Disclosure of Invention
The invention aims to provide a kit for counting and classifying reticulocytes and counting optical platelets, which avoids the influence of large platelets and plasmodium on the counting of the erythrocytes in the measurement of an impedance method.
In order to solve the technical problems, the technical scheme of the invention is as follows:
the invention provides a kit for counting and classifying reticulocytes and counting optical platelets, which comprises a first reagent and a second reagent;
the first reagent comprises: a buffer solution with the pH value of 8-10, a cationic surfactant and a bacteriostatic agent;
the cationic surfactant is selected from quaternary ammonium salt with a carbon chain of 8-14;
the second reagent comprises: fluorescent dye 1, fluorescent dye 2 and alcohol;
the structural formula of the fluorescent pigment 1 is shown as the general formula (I):
in the formula, R1H or C1-4 alkyl; r2Is C1-4 alkyl or-CH2CH2OCOCH3;
X-Is an anion selected from F-、Cl-、Br-、I-、CF3SO3 -、BF4 -Or ClO4 -;
The structural formula of the fluorescent pigment 2 is shown as the general formula (II):
in the formula, R1、R2The same or different H or C1-4 alkyl.
In the above technical solution, the buffer is selected from one or more of citric acid, sodium citrate, tris (hydroxymethyl) aminomethane and tris (hydroxymethyl) methylglycine.
In the above technical solution, the cationic surfactant is selected from dodecyl trimethyl ammonium chloride, dodecyl trimethyl ammonium chloride or tetradecyl trimethyl ammonium chloride.
In the technical scheme, the bacteriostatic agent is selected from phenoxyethanol, isothiazolinone or sodium pyrithione.
In the above technical solution, the structural formula of the fluorescent dye 1 is shown as formula (III) or formula (V):
in the above technical solution, the structural formula of the fluorescent dye 2 is shown as formula (IV) or formula (VI):
in the above technical scheme, the alcohol is an alcohol with 1-4 carbon atoms, and is selected from one or more of methanol, ethanol, ethylene glycol and glycerol.

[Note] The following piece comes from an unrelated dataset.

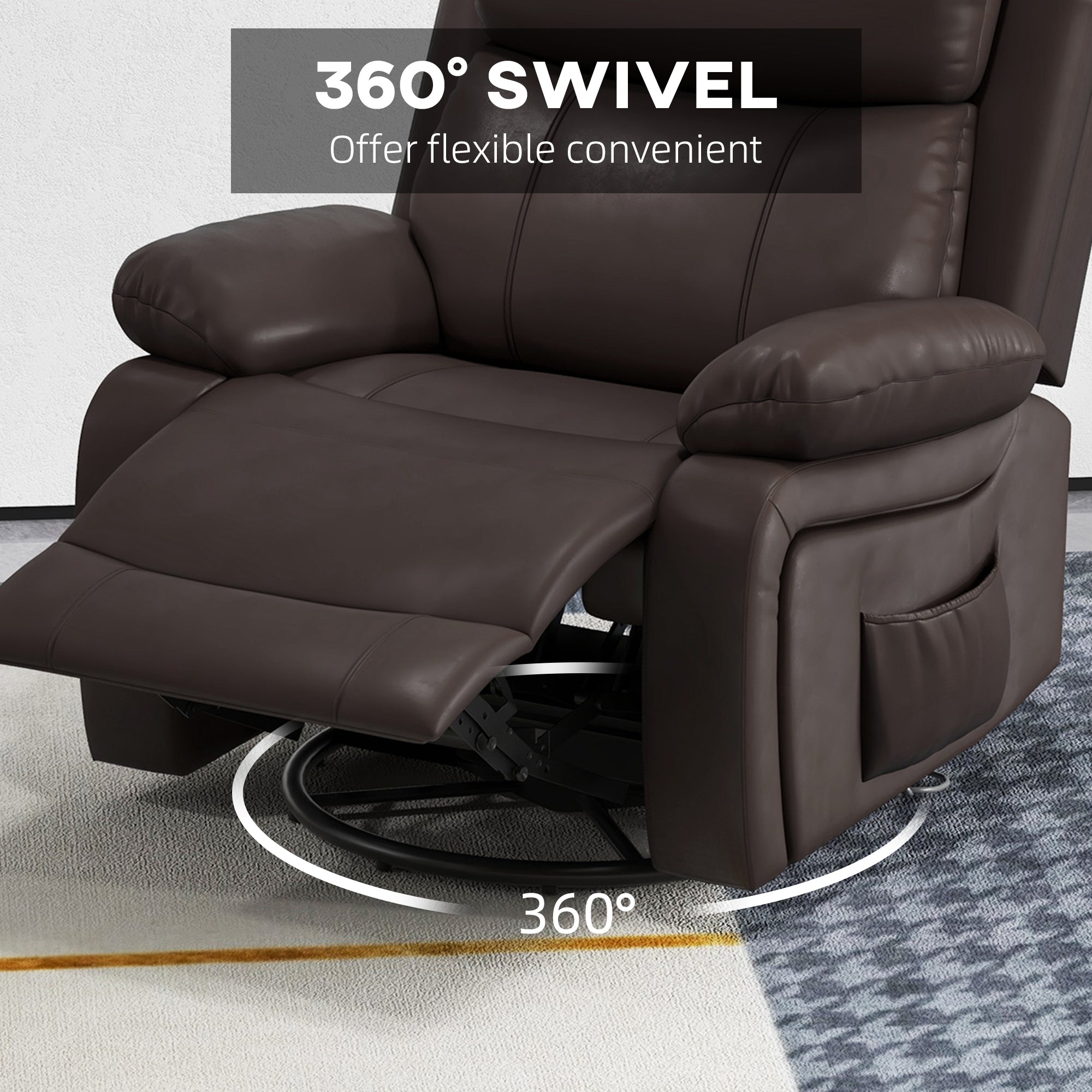 PU Leather Recliner with Massage, 360¡ Swivel, Rocking, Brown-DECOROLALA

In the above technical solution, the kit for reticulocyte counting and sorting and optical platelet counting comprises the following components:
the first reagent comprises:
1L of water;
buffer solution: 16.6-24.9 g;
cationic surfactant: 0.4-1.2 g;
bacteriostatic agent: 200-;
adjusting the pH value of the reagent to 8-10 by using 1M hydrochloric acid or sodium hydroxide;
the second reagent comprises:
fluorescent dye 1: 10-50 mg;
fluorescent dye 2: 0.1-0.5 mg;
alcohol: 100 mL.
The invention has the beneficial effects that:
the kit adopts the cationic surfactant to spheroidize the red blood cells, provides a reagent which can count the red blood cells, count and classify reticulocytes and count platelets in a whole blood sample, and can increase the solubility of pigment substances, reduce the precipitation of the pigment substances and improve the stability of a dyeing reagent. In addition, the cationic surfactant has a certain antibacterial effect, so that the use of antibacterial agents or bacteriostatic agents can be reduced; two pigments are used for staining reticulocyte and platelet simultaneously, so that the effects of accurate platelet counting and simultaneous detection with reticulocyte are achieved.
Drawings
The present invention will be described in further detail with reference to the accompanying drawings and specific embodiments.
FIG. 1 is a diagram showing the results of the kit of example 1 of the present invention used for sorting red blood cells and reticulocyte count in a whole blood sample and for counting platelets.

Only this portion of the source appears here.